対象読者: 社内向けAIチャットボット・FAQ bot・業務エージェントを自力で構築したいDX担当者・経営者
読了後にできること: 今日中にDifyの無料版でナレッジベースに社内文書を投入し、最初のAIチャットボットをデプロイできる


「社内のドキュメントを検索するAIチャットを作りたいけど、開発会社に頼むと数百万円かかると言われた…」

先日、食品製造業(従業員150名)の顧問先で、まさにこの相談を受けました。製品のQ&Aマニュアル・製造手順書・品質基準書が数百ページのPDFで分散していて、新人が正確な情報を探すのに毎回30分かかっているというんです。

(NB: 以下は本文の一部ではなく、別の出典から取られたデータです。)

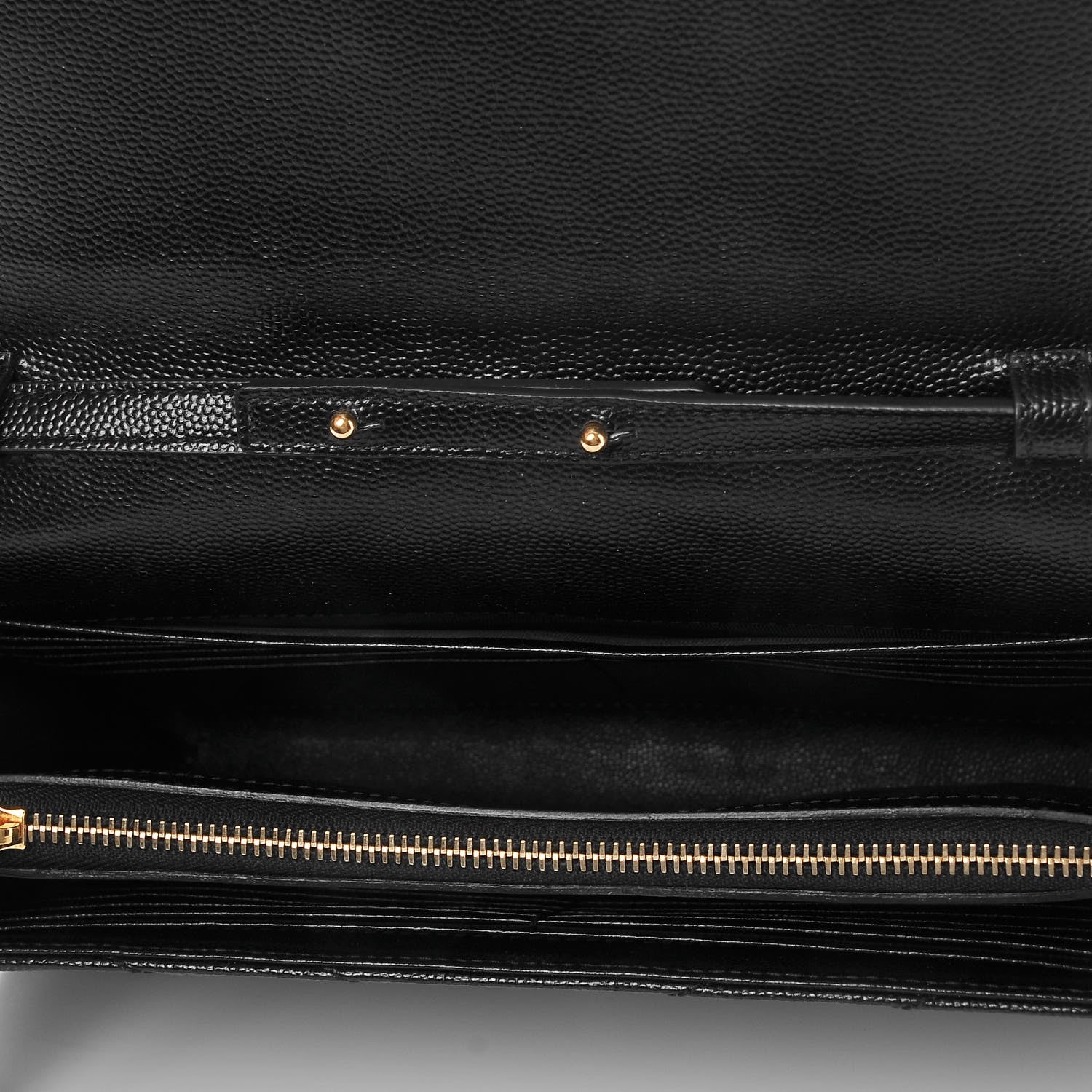 Saint Laurent Grain De Poudre Matelasse Chevron Monogram Chain Wallet Black 5 of 9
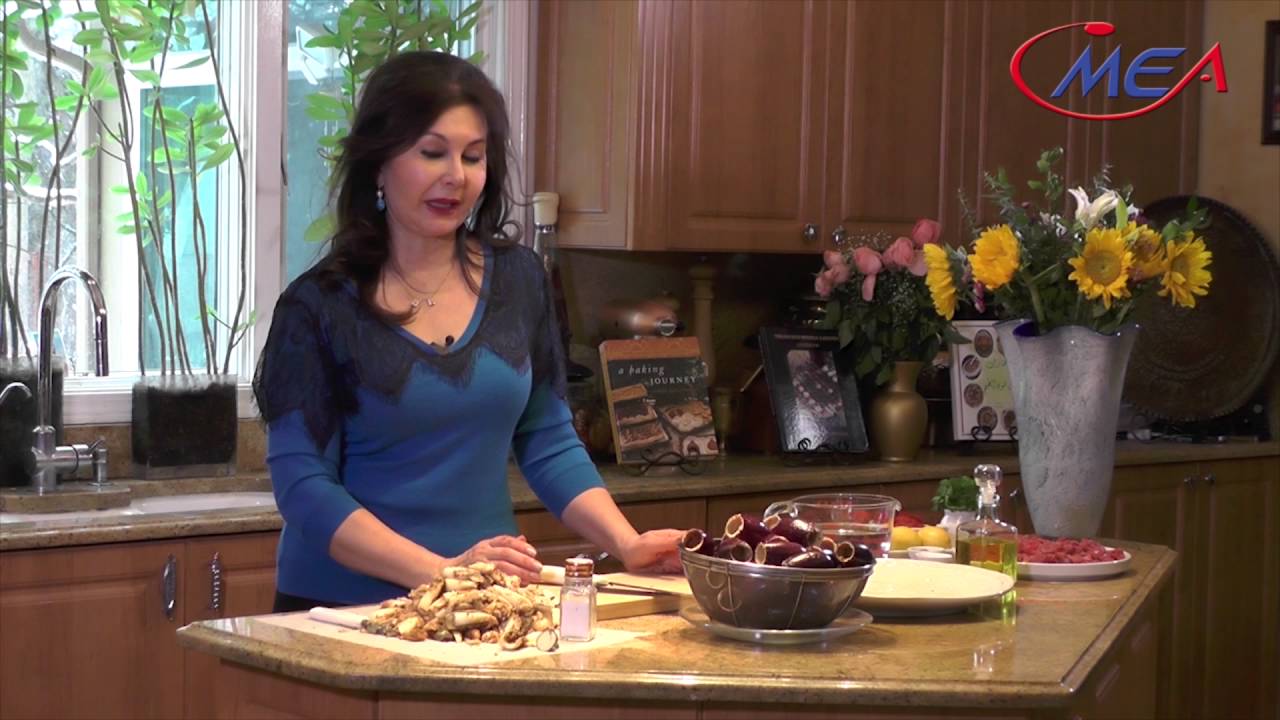 sheikh mahshi ( stuffed eggplant with meat ) شيخ محشي samira's kitchen, episode # 152 part 1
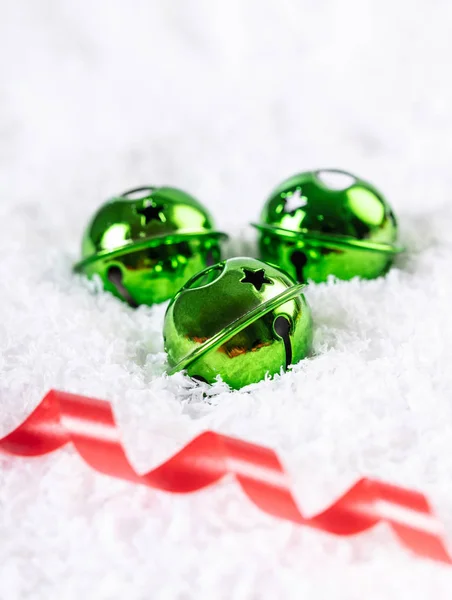 Cloches Noël Dans Neige Fond Festif — Photo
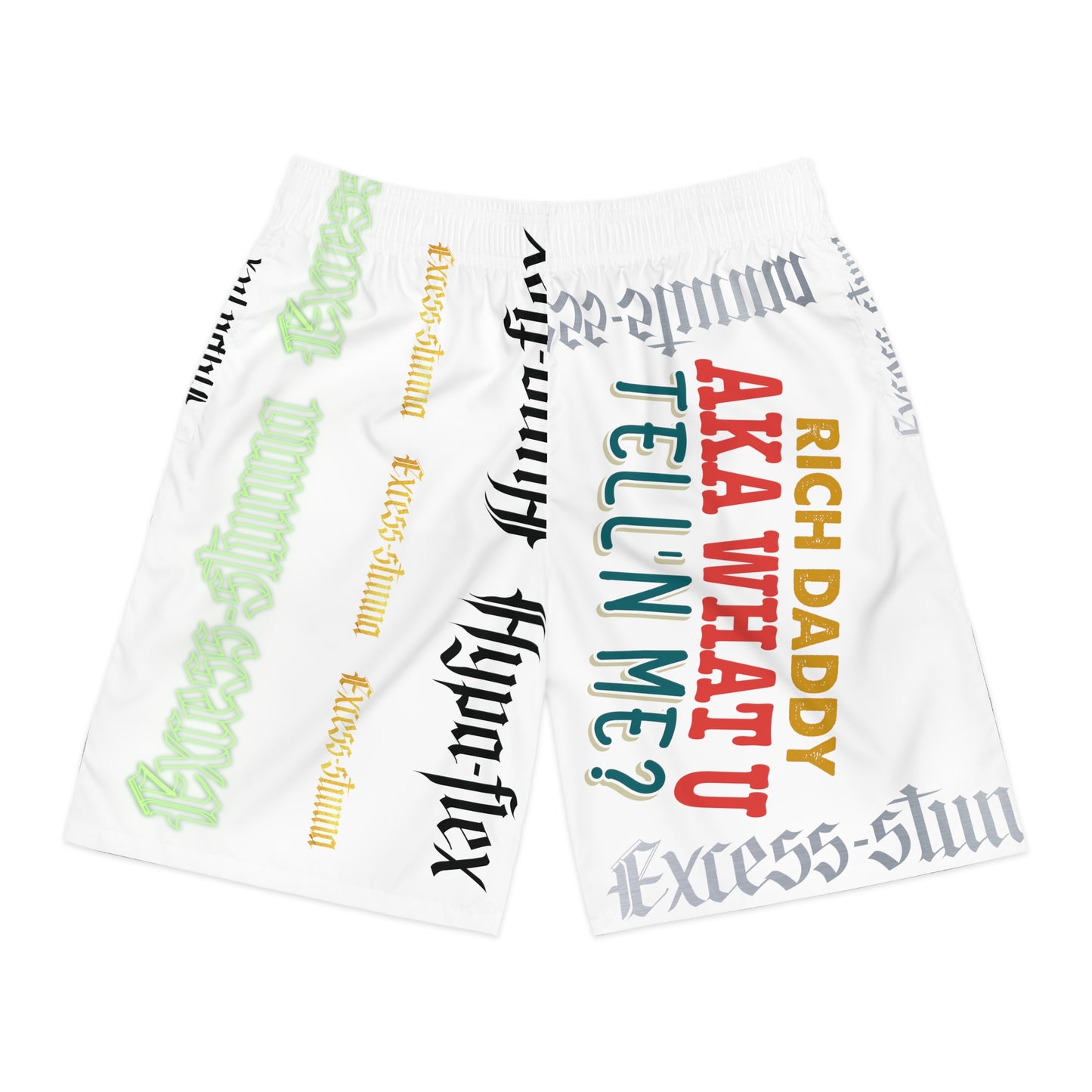 White Gator Drip Exclusive Supa-Heavy Excess-Stunna Hypa-Flex Limited Edition OG Rich Daddy “Rich Daddy AKA What U Tell’n ME?” Men’s Jogguz Playuz Shorts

その場でDifyを立ち上げ、Sandboxプラン(無料)でナレッジベースを作成。PDFを5本アップロードして設定完了まで約1時間。「この材料の使用期限は?」「この工程のNG判定基準は?」と入力すると、該当するPDFの内容を引用しながら正確に答えてくれました。担当者が「これ、うちの新人研修に使えます!」と声を上げたのが印象的でした。

この記事では、Difyを使ってAIエージェントをゼロから構築するステップバイステップ手順を全公開します。RAGの設定方法、ワークフローモードの活用法、Claude・GPT-4oとの連携設定、そして料金プランの選び方まで、100社以上のAI導入支援経験をもとに解説します。

AIエージェント全般の概念についてはAIエージェント導入完全ガイドを、既存のDify概要についてはDify入門ガイド(概要版)もあわせてご覧ください。

まず試す「今日中に動くもの」を作る3ステップ

Step 1:Difyアカウントの作成(5分)

  1. cloud.dify.aiにアクセス
  2. 「Get Started」→ GitHubまたはGoogleアカウントでサインアップ
  3. Sandboxプランが自動適用(200メッセージクレジット/月、クレカ不要)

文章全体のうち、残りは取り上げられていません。